13. As regards the provisions of the Sale of Goods Act, 1930 and
the judgement of the Hon’ble Supreme Court in the case of Marwar
Tent Factory cited in paragraph 4(xiii) above, the Committee notes
that as per Rule 2 of the Advisory Service Rules, the Committee is
prohibited from answering queries which involve legal interpretation
of various enactments. The Committee also notes the principle of
‘Substance over Form’, according to which the accounting treatment
and presentation in financial statements of transactions and events
should be governed by their substance and not merely by their
legal form. Thus, for example, a finance lease is treated as a sale
in the books of the lessor and a purchase in the books of the
lessee as per the provisions of Accounting Standard (AS) 19,
‘Leases’, even though legal ownership is not transferred at the
inception and even if it is not intended to be transferred at the end
of the lease period.

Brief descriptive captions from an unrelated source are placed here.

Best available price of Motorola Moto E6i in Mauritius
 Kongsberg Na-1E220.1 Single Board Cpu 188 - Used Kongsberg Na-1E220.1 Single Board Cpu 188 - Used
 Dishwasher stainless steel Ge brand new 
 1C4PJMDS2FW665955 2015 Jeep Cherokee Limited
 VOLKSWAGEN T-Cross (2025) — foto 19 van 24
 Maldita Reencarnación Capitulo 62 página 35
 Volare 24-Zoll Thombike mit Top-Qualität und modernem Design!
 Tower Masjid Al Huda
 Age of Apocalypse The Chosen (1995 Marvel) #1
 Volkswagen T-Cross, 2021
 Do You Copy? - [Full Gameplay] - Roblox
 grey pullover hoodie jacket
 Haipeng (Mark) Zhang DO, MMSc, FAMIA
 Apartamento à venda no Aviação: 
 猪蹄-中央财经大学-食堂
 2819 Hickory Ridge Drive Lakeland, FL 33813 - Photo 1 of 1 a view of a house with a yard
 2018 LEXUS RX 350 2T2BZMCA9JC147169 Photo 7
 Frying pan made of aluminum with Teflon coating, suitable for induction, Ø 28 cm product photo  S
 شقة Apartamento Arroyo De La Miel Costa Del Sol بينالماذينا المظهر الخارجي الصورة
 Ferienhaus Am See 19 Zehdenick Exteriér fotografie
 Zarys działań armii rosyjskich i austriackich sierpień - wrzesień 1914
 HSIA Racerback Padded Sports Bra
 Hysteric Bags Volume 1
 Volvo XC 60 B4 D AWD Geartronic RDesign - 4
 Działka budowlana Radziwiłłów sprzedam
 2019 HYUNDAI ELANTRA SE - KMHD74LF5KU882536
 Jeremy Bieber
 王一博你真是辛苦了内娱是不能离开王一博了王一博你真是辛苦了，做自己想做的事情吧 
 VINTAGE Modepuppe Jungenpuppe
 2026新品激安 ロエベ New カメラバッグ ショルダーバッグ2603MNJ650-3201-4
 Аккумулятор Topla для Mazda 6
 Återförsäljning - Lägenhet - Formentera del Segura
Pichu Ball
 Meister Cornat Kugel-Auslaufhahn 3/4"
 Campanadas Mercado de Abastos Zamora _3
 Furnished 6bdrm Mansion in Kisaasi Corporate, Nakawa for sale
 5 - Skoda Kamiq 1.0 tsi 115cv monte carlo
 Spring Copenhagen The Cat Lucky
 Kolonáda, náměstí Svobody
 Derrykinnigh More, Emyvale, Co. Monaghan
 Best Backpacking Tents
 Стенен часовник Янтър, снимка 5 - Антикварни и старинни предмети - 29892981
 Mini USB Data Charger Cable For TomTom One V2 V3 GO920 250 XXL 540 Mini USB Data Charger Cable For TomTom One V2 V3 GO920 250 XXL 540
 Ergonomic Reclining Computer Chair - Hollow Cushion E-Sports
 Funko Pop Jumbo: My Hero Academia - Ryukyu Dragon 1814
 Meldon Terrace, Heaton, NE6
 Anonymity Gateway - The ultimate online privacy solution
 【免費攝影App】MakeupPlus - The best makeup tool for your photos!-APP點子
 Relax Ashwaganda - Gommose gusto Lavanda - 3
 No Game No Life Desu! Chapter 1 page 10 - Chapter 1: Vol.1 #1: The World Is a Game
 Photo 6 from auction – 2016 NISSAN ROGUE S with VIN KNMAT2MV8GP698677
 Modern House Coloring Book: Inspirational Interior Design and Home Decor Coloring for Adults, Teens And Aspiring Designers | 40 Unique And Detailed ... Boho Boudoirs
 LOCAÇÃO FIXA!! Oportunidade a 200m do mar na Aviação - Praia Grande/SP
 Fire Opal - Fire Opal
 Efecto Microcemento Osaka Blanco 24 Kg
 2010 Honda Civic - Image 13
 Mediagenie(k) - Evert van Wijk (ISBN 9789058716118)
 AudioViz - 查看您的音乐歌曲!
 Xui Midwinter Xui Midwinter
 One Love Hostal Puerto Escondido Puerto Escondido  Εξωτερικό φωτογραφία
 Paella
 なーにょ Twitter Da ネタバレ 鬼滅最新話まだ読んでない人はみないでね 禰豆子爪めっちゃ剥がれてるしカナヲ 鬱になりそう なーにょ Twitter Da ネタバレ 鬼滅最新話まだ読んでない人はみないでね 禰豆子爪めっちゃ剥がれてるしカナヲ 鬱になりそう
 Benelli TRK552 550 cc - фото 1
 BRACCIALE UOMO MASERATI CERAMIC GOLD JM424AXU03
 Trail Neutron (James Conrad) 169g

Similarly, as per paragraph 9 read with
paragraph 10 of AS 9, even if all the significant risks and rewards
of ownership of goods are transferred to the buyer, revenue
recognition is not permitted, if it is not reasonable to expect ultimate
collection or if significant uncertainty exists regarding the amount
of the consideration that will be derived from the sale of the goods.
This is despite the legal effect of the sale transaction.
14. As regards the legal opinion obtained by the querist, the
Committee notes that that opinion also deals primarily with the
provisions of the Sale of Goods Act, 1930 and the aforecited
judgement of the Hon’ble Supreme Court. The Committee’s views
in this regard have already been stated in paragraph 13 above.
The legal opinion, inter alia, states that paragraph A1 of Appendix
to AS 9 was not considered by the Committee. The Committee
wishes to point out that the said portion of AS 9 was duly discussed
in paragraphs 22 and 23 of its earlier opinion. This portion of AS 9
is relevant only for the second issue raised by the querist, viz.,
delivery delayed at the request of the customer.
15. As regards the second issue (viz., delivery delayed at the
request of the customer), the Committee notes that the querist
has neither furnished any documents nor given any fresh
arguments. The querist has, thus, not raised the second issue.
16. The Committee also wishes to make it clear that in its earlier
opinion, the Committee has not simply expressed the view that
recognition of sales was inappropriate. It has added the qualifying
remarks implying that if the necessary conditions were met, sales
could be recognised.
D. Opinion
17. On the basis of the above, the Committee reiterates its earlier
opinion in the case referred to by the querist.